The programme has anchored several specialist firms and supported early innovation and partnership activity, particularly in digital and advanced manufacturing, but wider cluster impacts remain at an early stage.

Delivery against targets

Delivery against targets has been mixed. A small number of projects have exceeded expectations, while others remain behind profile due to labour‑market constraints, sector‑specific downturns, phased recruitment models and one instance of non‑delivery. Several projects remain live, with further delivery expected beyond the evaluation period.

Economic Impact Achieved

The programme has generated substantial early economic impacts and good emerging value for money. While net impacts cannot yet be robustly estimated, the balance of qualitative and quantitative evidence indicates that the programme has made a meaningful contribution to job creation and economic activity, with further impacts expected as supported businesses continue to scale.

Conclusions


The evaluation concludes that the Inward Investment Programme was a necessary and credible intervention, strengthening the North East’s ability to compete for mobile investment following the loss of earlier regional mechanisms. The combined use of grant funding and enhanced Investment Promotion Agency capacity addressed a clear market gap and improved the region’s investment proposition during a period of economic uncertainty.

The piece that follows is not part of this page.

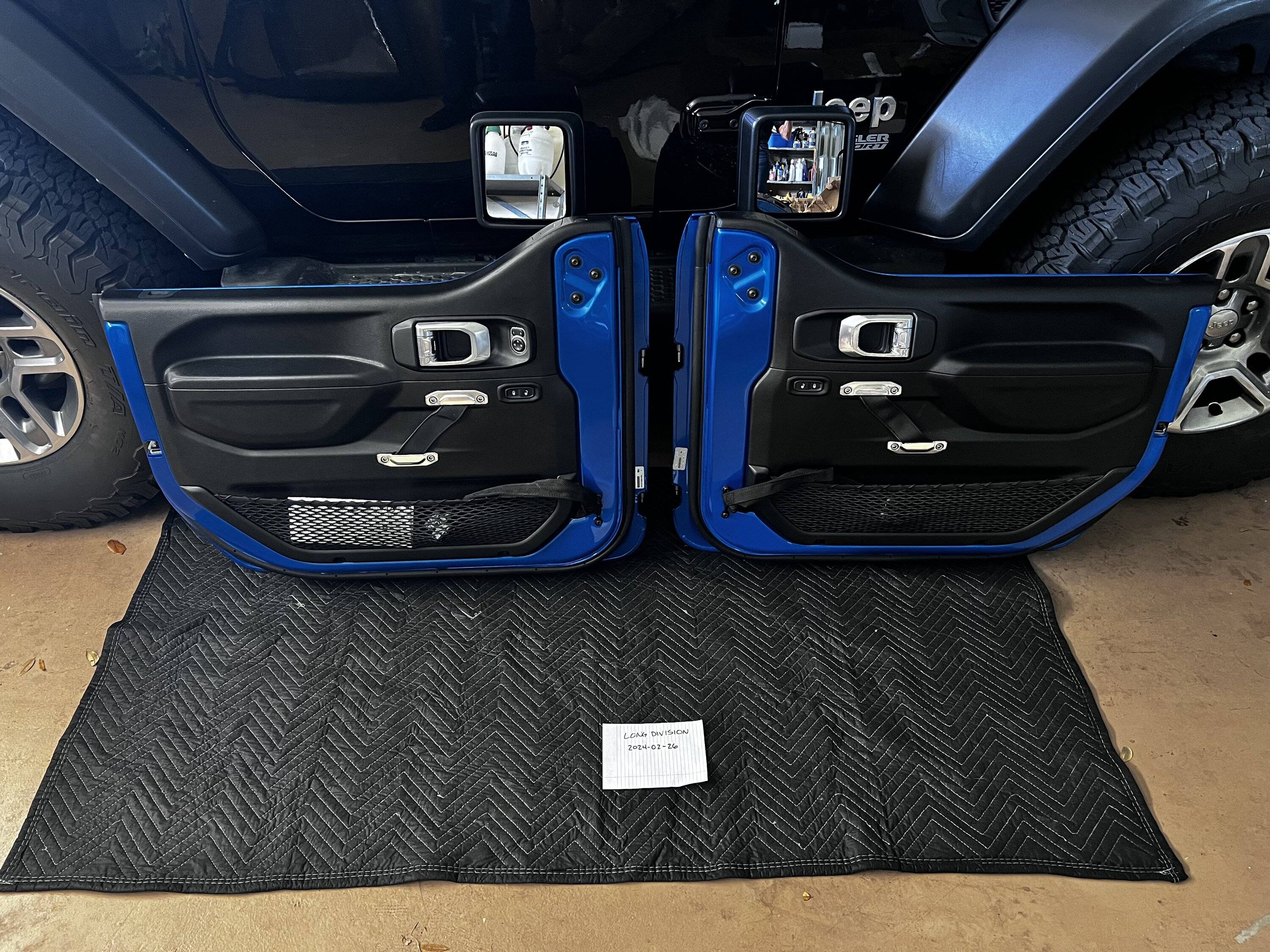 Jeep Wrangler JL Hydro Blue Half Doors IMG_8380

Delivery against contracted targets has been mixed, reflecting external labour‑market constraints, sector‑specific downturns and phased recruitment models rather than weaknesses in programme design or governance. Despite this, the programme has generated significant early economic value, supporting over 1,000 jobs to date and delivering substantial gross GVA. Evidence also indicates medium additionality, with grant support influencing both the location and timing of investment decisions. While cluster‑level impacts are still emerging, the programme has laid credible foundations for longer‑term ecosystem development and demonstrates good emerging value for money.

 Recommendations

The evaluation recommends retaining the core strengths of the programme, particularly the combination of financial incentives with sector‑specialist promotion and strong partnership working across regional bodies. Sector specialists were consistently identified as critical to improving investor engagement and credibility and should remain central to future delivery.

Future programmes should be designed with greater flexibility, recognising changing investment patterns, smaller‑scale growth models and evolving labour‑market conditions. This includes revisiting grant thresholds and introducing more graduated funding options, alongside maintaining robust but more proportionate application, appraisal and monitoring processes.

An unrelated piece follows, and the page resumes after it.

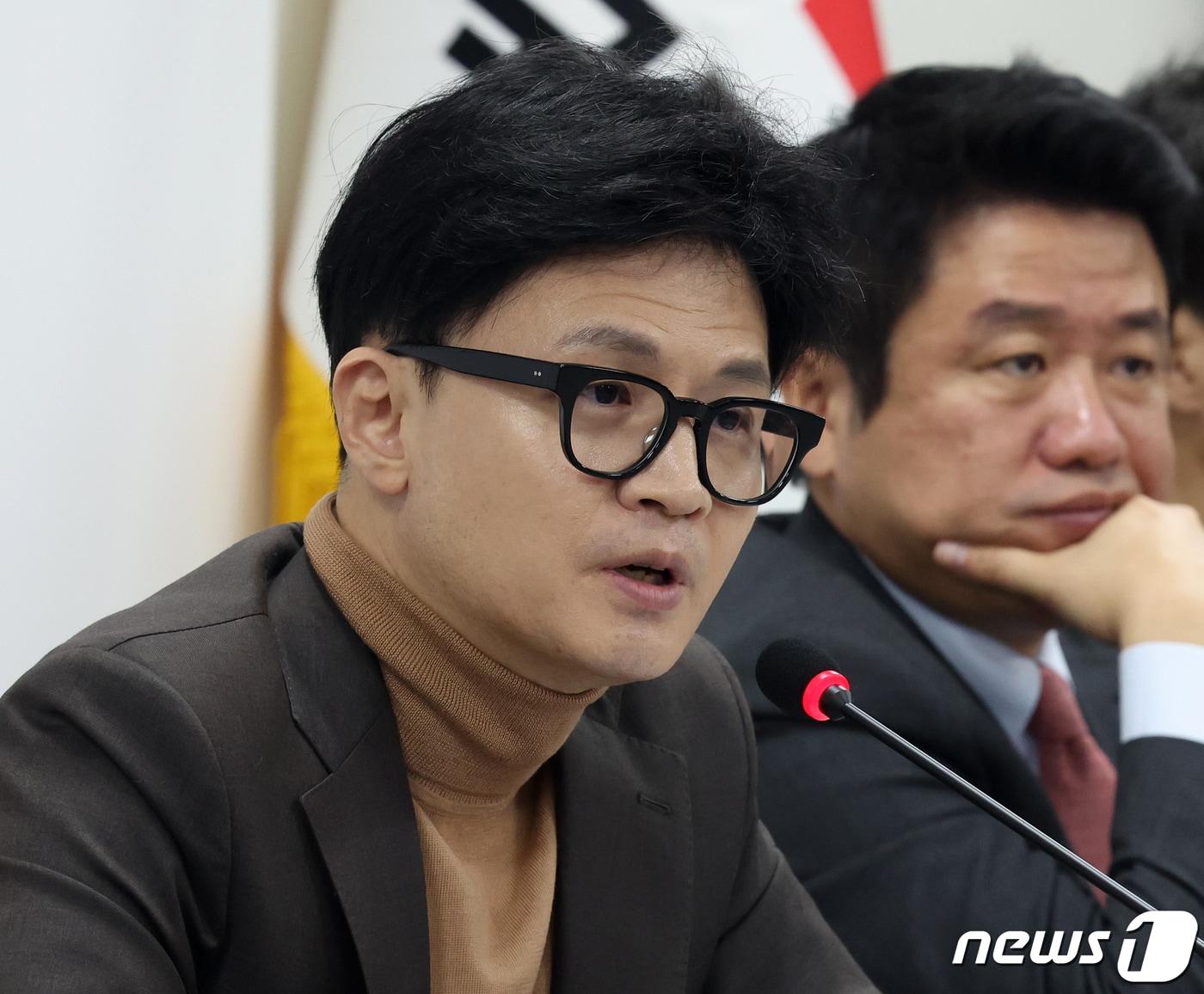 본문 이미지 - 한동훈 국민의힘 비상대책위원장이 15일 서울 여의도 당사에서 열린 비상대책위원회의에서 발언을 하고 있다. 2024.2.15/뉴스1 ⓒ News1 송원영 기자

The evaluation also highlights the importance of stronger data capture and performance management, particularly around lead generation and conversion, to support learning and continuous improvement. Finally, a follow‑up evaluation 1–2 years post‑delivery is recommended to assess job persistence, supply‑chain effects and longer‑term value for money once impacts have fully matured.

Key findings

What the Evaluation Tells Us Works


The evaluation shows that combining financial incentives with sector‑specialist promotion improves the credibility of the regional offer and strengthens investor engagement. Dedicated specialist roles helped translate regional assets into compelling propositions and supported conversion from interest to investment.

It also highlights the importance of flexibility in programme design, particularly in responding to changing investment patterns, labour‑market conditions and sectoral volatility. Rigid assumptions around scale and pace of job creation were less well suited to post‑pandemic investment realities.

Strong partnership working across IPAs and regional bodies emerged as a key success factor, particularly following the transition to a pan‑regional NECA model, which reduced duplication and improved coordination.